= AIM OF THE TASK =
Although the records contain pictures, repeat only the text of every line exactly.

(EXERCISE DATA begins)

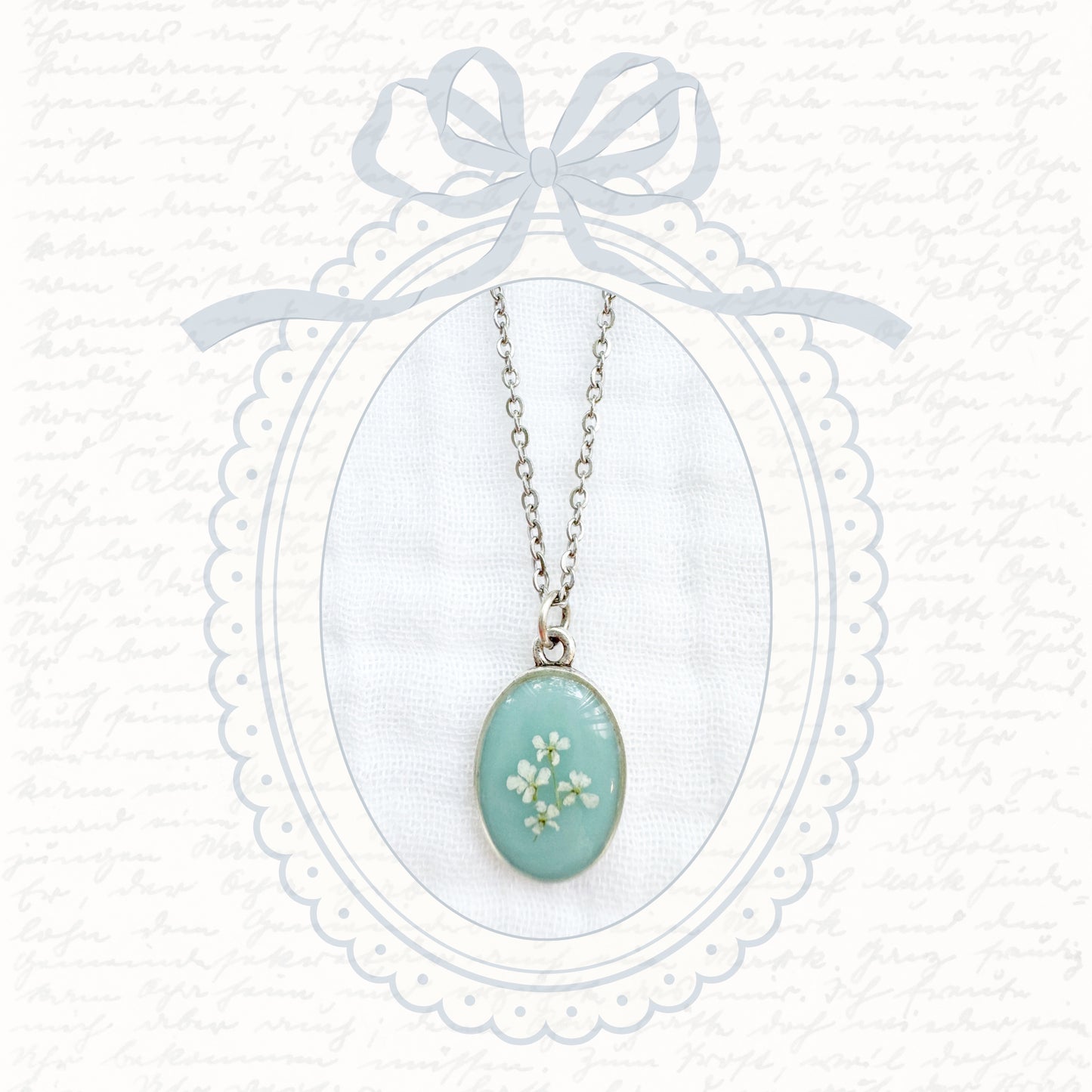 Elizabeth Classic Oval Pressed Flower Necklace | Silver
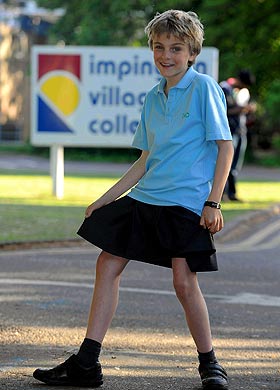 Jongen in rok naar school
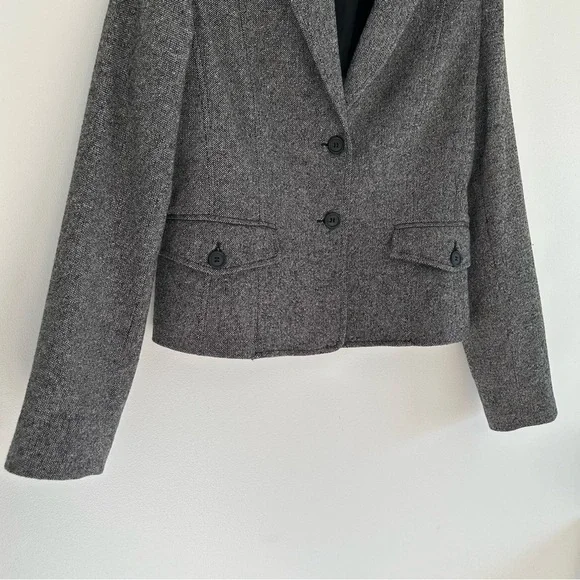 (SOLD) Italian Wool Blend Blazer Size Medium - Picture 5 of 16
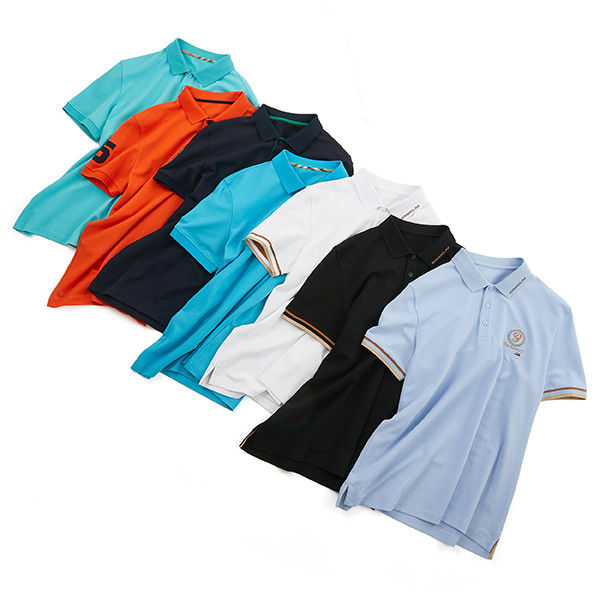 เสื้อโปโลสีสีฟ้าสําหรับผู้ชาย มีโลโก้ขีดขีด และผ้าปูนที่สามารถหายใจได้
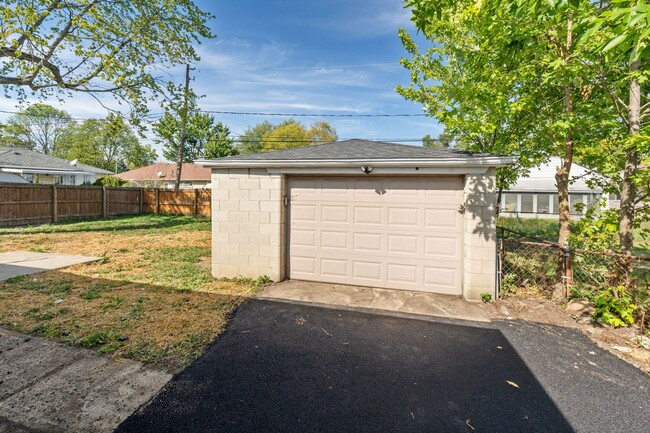 Building Photo - Charming Ranch Home in Brookshire Park — 3...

(EXERCISE DATA ends)

= EXPECTED ANSWER =
 Elizabeth Classic Oval Pressed Flower Necklace | Silver
 Jongen in rok naar school
 (SOLD) Italian Wool Blend Blazer Size Medium - Picture 5 of 16
 เสื้อโปโลสีสีฟ้าสําหรับผู้ชาย มีโลโก้ขีดขีด และผ้าปูนที่สามารถหายใจได้
 Building Photo - Charming Ranch Home in Brookshire Park — 3...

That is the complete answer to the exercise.